Task statement: Restate each line below word for word, skipping every picture.

Dataset entries:
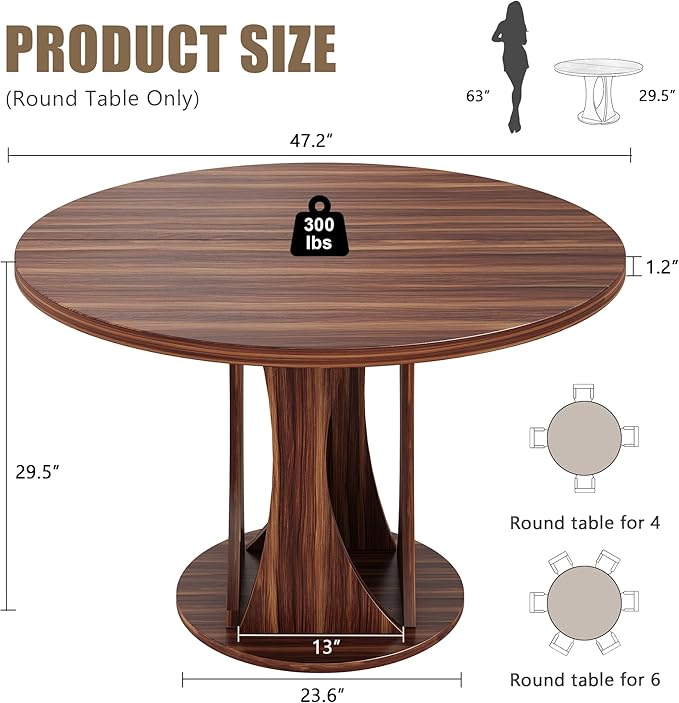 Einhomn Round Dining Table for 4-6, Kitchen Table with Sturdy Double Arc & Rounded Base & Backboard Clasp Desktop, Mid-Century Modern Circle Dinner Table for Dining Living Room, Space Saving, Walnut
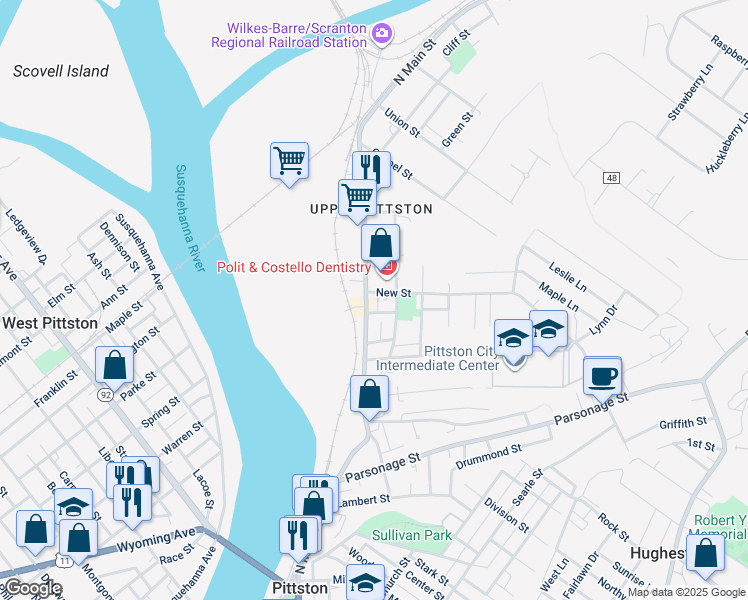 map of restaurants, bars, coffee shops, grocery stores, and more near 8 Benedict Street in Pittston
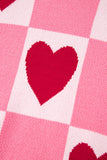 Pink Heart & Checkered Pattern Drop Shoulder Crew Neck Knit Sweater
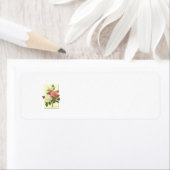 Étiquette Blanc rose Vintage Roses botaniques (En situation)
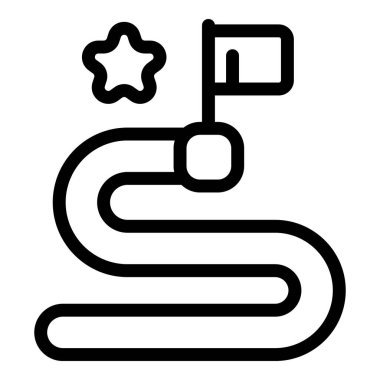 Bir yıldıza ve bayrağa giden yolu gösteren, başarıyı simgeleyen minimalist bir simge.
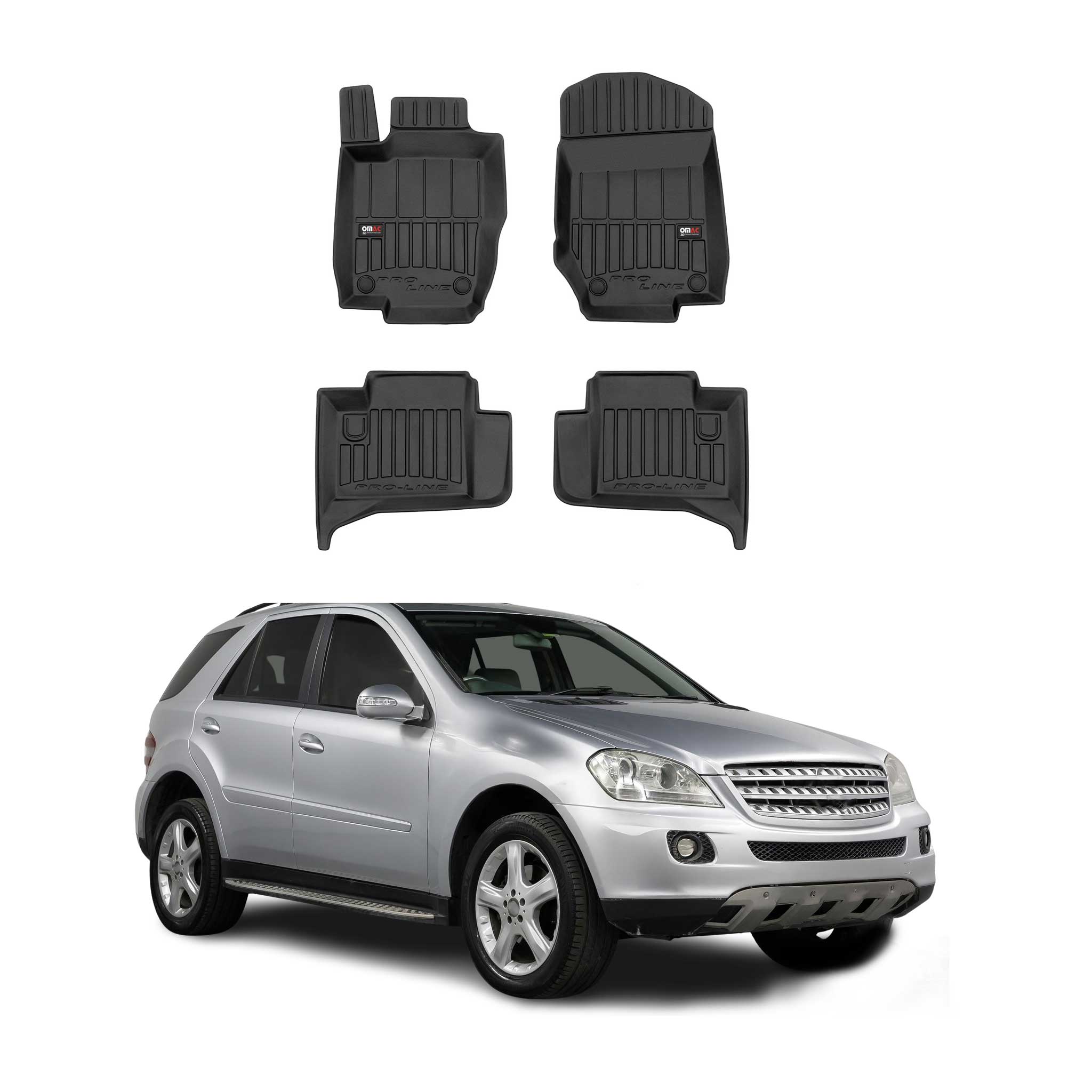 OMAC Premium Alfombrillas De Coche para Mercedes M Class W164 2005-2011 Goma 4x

Solution to this task:
 Einhomn Round Dining Table for 4-6, Kitchen Table with Sturdy Double Arc & Rounded Base & Backboard Clasp Desktop, Mid-Century Modern Circle Dinner Table for Dining Living Room, Space Saving, Walnut
 map of restaurants, bars, coffee shops, grocery stores, and more near 8 Benedict Street in Pittston
 Pink Heart & Checkered Pattern Drop Shoulder Crew Neck Knit Sweater
 Étiquette Blanc rose Vintage Roses botaniques (En situation)
 Bir yıldıza ve bayrağa giden yolu gösteren, başarıyı simgeleyen minimalist bir simge.
 OMAC Premium Alfombrillas De Coche para Mercedes M Class W164 2005-2011 Goma 4x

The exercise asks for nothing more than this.